AIM OF THE TASK: The lines from the one containing "Snapshot of karennelsonx" through the final line of the listing below are what the answer must repeat, exactly and only, leaving pictures out.

Top of RECORDS FOR THE EXERCISE

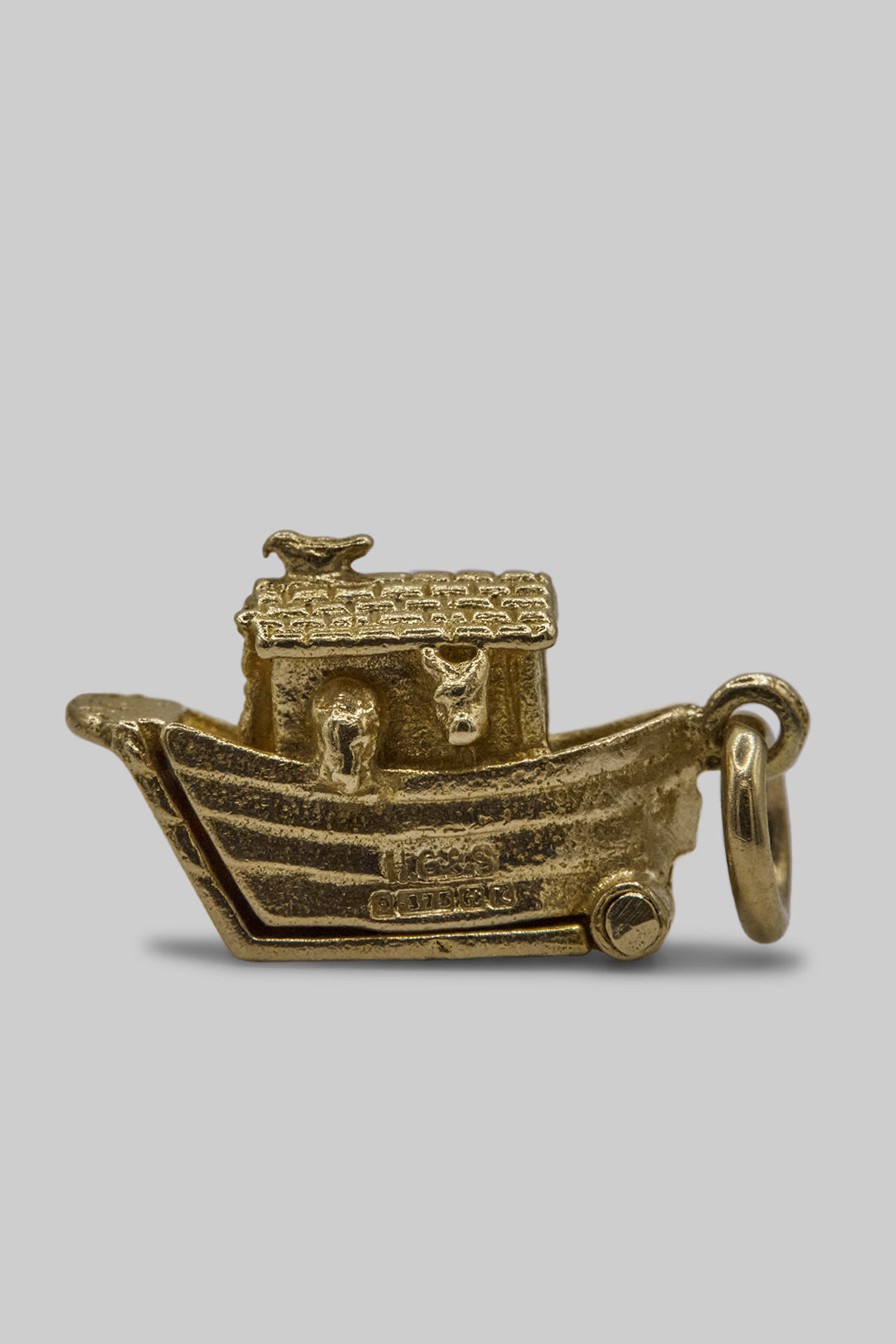 The Heroic Opening Noah's Ark of the Flood Vintage Charm (375 9ct gold, made in 1959)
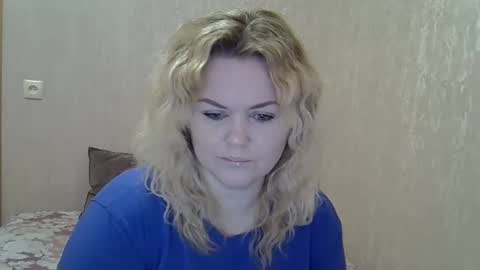 Snapshot of karennelsonx chatting on 02/20/25, 12:25 karennelsonx online show from 02/20/25, 12:25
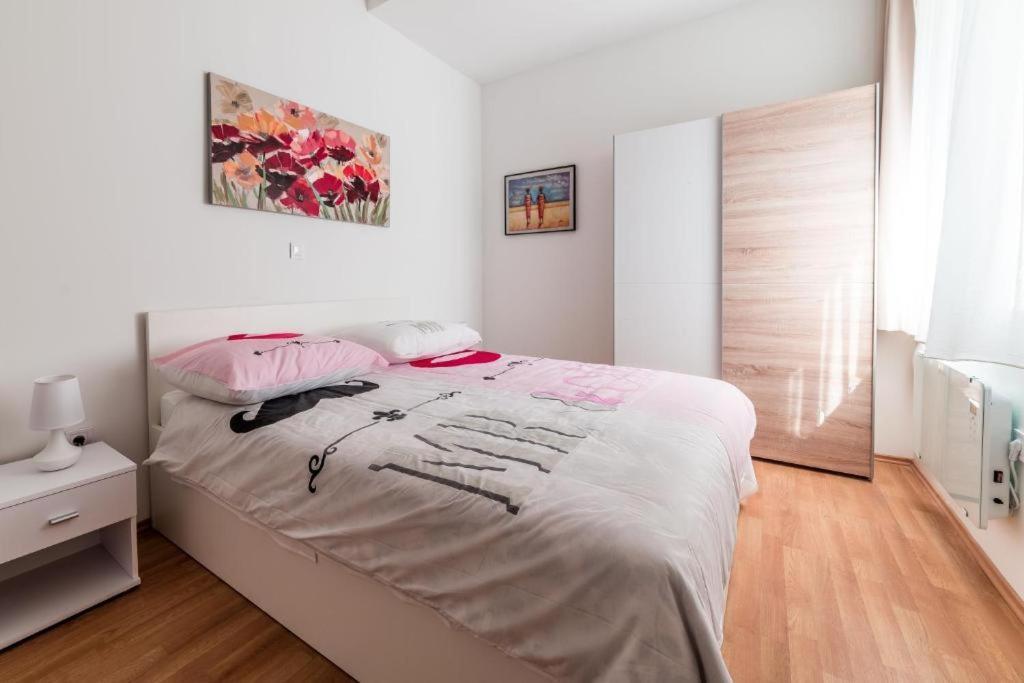 F12 Apartments Zagreb Bagian luar foto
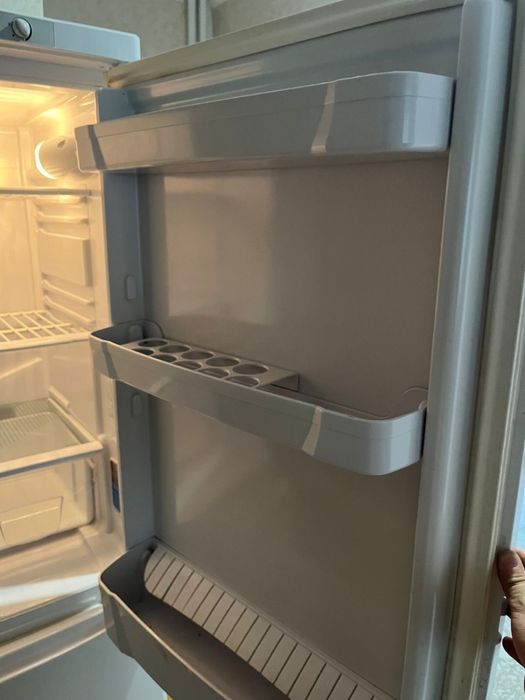 Холодильник Indesit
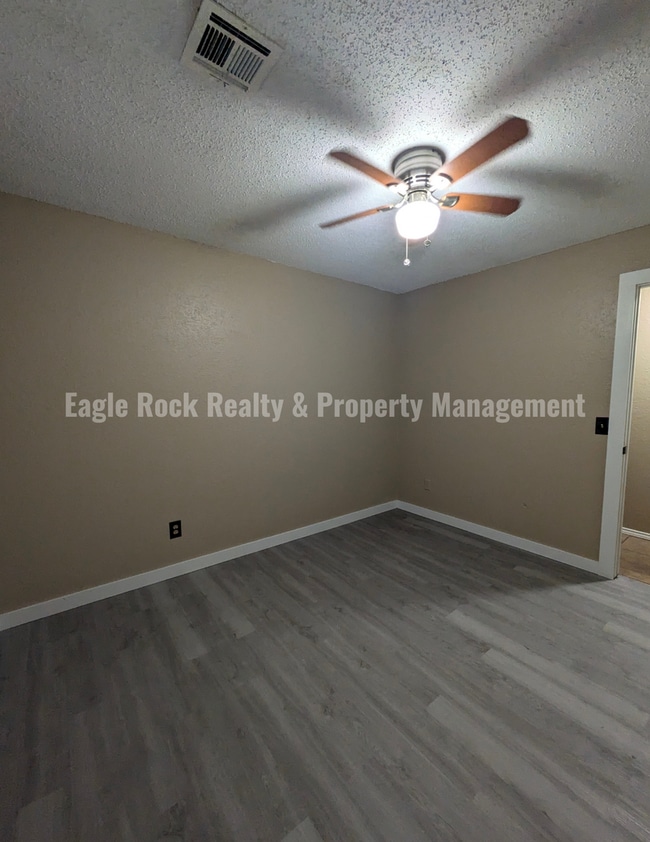 Building Photo - Tulsa House for Rent (3beds/2baths)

Bottom of RECORDS FOR THE EXERCISE

RESPONSE BELOW:
 Snapshot of karennelsonx chatting on 02/20/25, 12:25 karennelsonx online show from 02/20/25, 12:25
 F12 Apartments Zagreb Bagian luar foto
 Холодильник Indesit
 Building Photo - Tulsa House for Rent (3beds/2baths)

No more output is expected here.